Here's a head-turner: A distinguished jury; a wealthy Swiss foundation dedicated to sustainable architecture; an upset decision during its first North American competition -- the $100,000 (U.S.) gold prize of the Holcim Awards has gone to a low-income housing project in Montreal.
If this were Germany or Holland in the 1920s, the privileging of the poor might be instantly credible. But not now. Not in the age of architecture as spectacle in which citizens are thrown uber-buildings meant to be consumed at the speed of a drive-by. And yet. The winning project is a labour of love that extends back over the last 15 years. By resisting, rather than conforming, a small architecture studio that calls itself L'OEUF has recast the question of whether sustainable architecture is necessary. Now the question is: How could architecture be anything but sustainable?
Green Energy Benny Farm sounds like the kind of 1960s garden where Joni Mitchell might have sprinkled some golden stardust. Don't be deceived by a name. What began as a bucolic landscape was converted after the Second World War into a low-rise housing development for returning veterans.

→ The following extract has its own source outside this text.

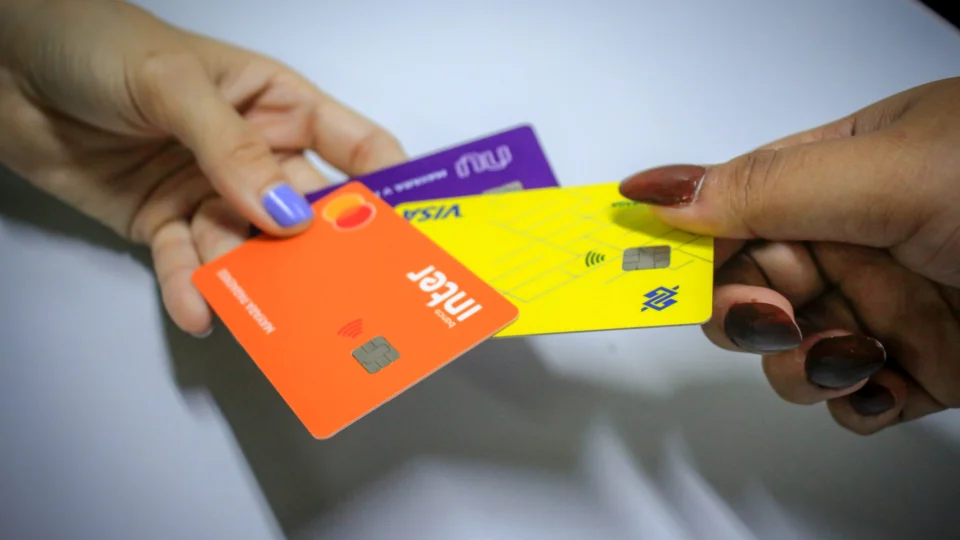 População deve alertar para golpes com cartões de débito e crédito por aproximação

Fifteen years ago, the architects at L'OEUF (L'Office de l'éclectisme urbain et fonctionnel) in Montreal, including principals Danny Pearl, Mark Poddubiuk and Bernard Olivier, begin imagining the future for Benny Farm. In the early 1990s, the economy in Montreal was flagging badly -- the impulse of the site's owner, the Canada Mortgage & Housing Corp., was to flatten the development, cross fingers and sell the 18 acres to condo developers. Neighbours were frightened that renovated buildings at Benny Farm would send their property prices plummeting downwards. For years, L'OEUF resisted the wisdom of a 1998 master plan that recommended wholesale demolition of the site.

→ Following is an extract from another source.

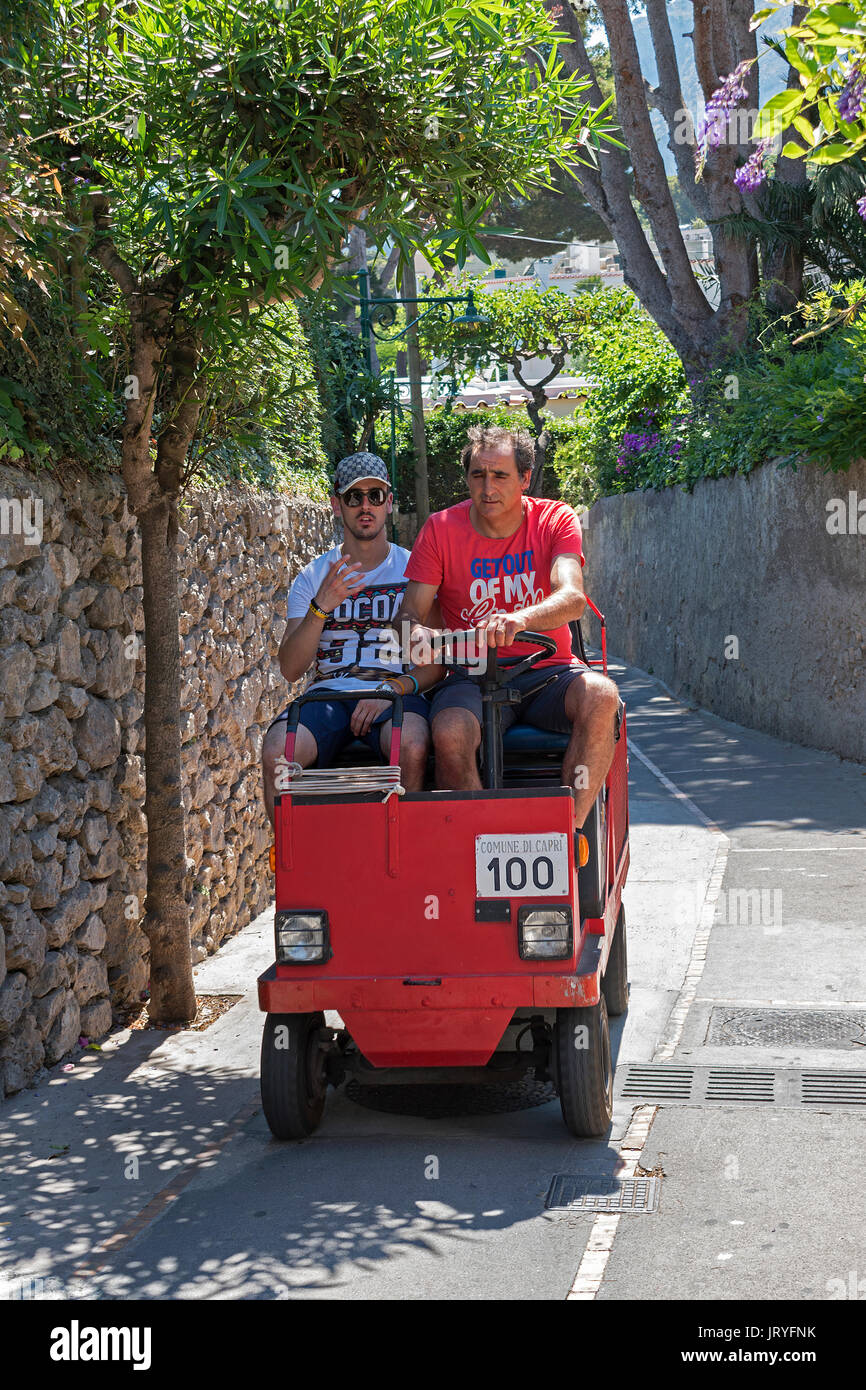 Une communauté bus, taxi, livraison, post, refuser, véhicule, camion, sur l'île de Capri, Italie. Banque D'Images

There was no incentive from CMHC to be especially innovative and there was no money for anything but a base building budget. What compelled the architects to push for more? The architects simply believed that the community in Montreal's west end deserved something other than built formulas for the poor.

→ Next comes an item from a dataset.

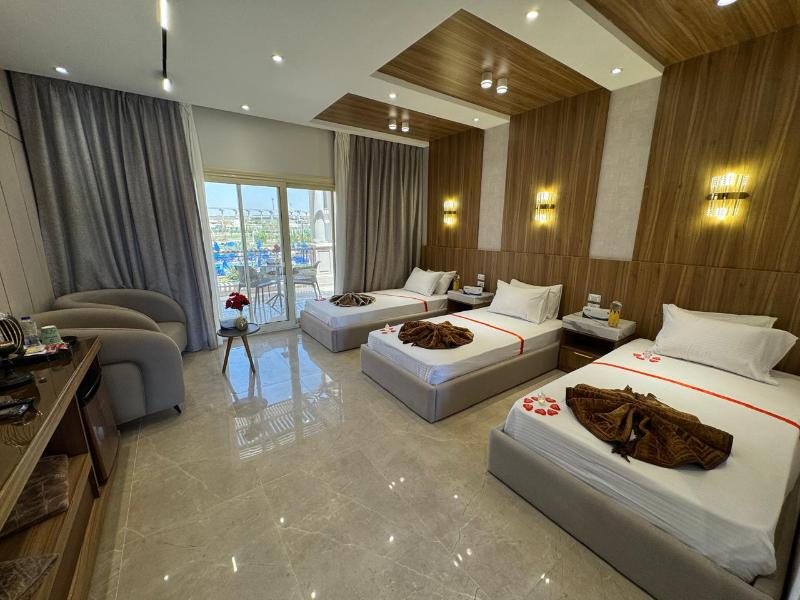 Ramage Hotel image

Together with the community, the architects scrounged for money. Ultimately, after years of looking, they found nearly $4-million. It was enough to substantially increase the budget assigned to each of the 187 units for senior citizens and families. The architects made something more intelligent of the apartments, designing roof gardens into the schemes as well as radiant floor heating, operable windows and, because of a geothermal heating system, tremendous energy savings. Grey-water and storm water are also being reused for things like garden irrigation as part of the pilot project.
"The key word is neighbourhoods. Policy-making should aim at creating livable places to give people a chance to become neighbours again," says L'OEUF's Pearl. And the architects took the time to listen to the wishes of the neighbourhood, even when there was tremendous pressure from the city of Montreal, which wanted more social housing put up quickly in order to fulfill its promise before next month's municipal elections.
The second-prize winner in the Holcim Awards went to the $400-million New Sustainable California Academy of Sciences, a major public building for San Francisco designed by the acclaimed Italian architect Renzo Piano. The jury included Adèle Naudé Santos, dean of the School of Architecture and Planning at the Massachusetts Institute of Technology, Los Angeles architect Thom Mayne and Montreal architect Gilles Saucier. The Holcim Awards are presented in Africa, the Middle East, Asia Pacific, Europe, Latin America and North America. Each competition is juried separately. In 2004, Holcim, one of the world's largest cement companies employing 61,000 people, recorded sales of over 13-billion Swiss francs (almost $12-billion).
Canadians distinguished themselves in the Holcim competition. Perhaps these are the kind of rewards we can expect for signing the Kyoto agreement. Third prize went to Mark West, a University of Manitoba associate professor, for innovating a flexible kind of formwork for concrete construction. Most formwork for poured-in-place concrete, whether wooden or metal, is thrown away after being used. But West proposes a geo-textile formwork made from a product readily available around the world, and recyclable.
One of the honourable mentions or "acknowledgment" prizes went to Teeple Architects of Toronto for its design of the library at Vancouver's Langara College. Rather than including a conventional air-conditioning system, the facility is designed with a warped concrete roof shaped to increase the velocity of crosswinds running across it. But the sculpted roof is not a purely aesthetic exercise; the wind currents are captured within a wind tower to facilitate cooling in the building.
"The reason for sustainable design is to make a better life for people," says Saucier. "The Benny Farm project was about the way the architects consulted people. We're not talking about fake consultation, they're really involved in their community -- and we felt that as a jury," he adds. "It's easy to put forward environmental issues, . . . but it's not so easy to involve people, and to give back something that is totally appropriate."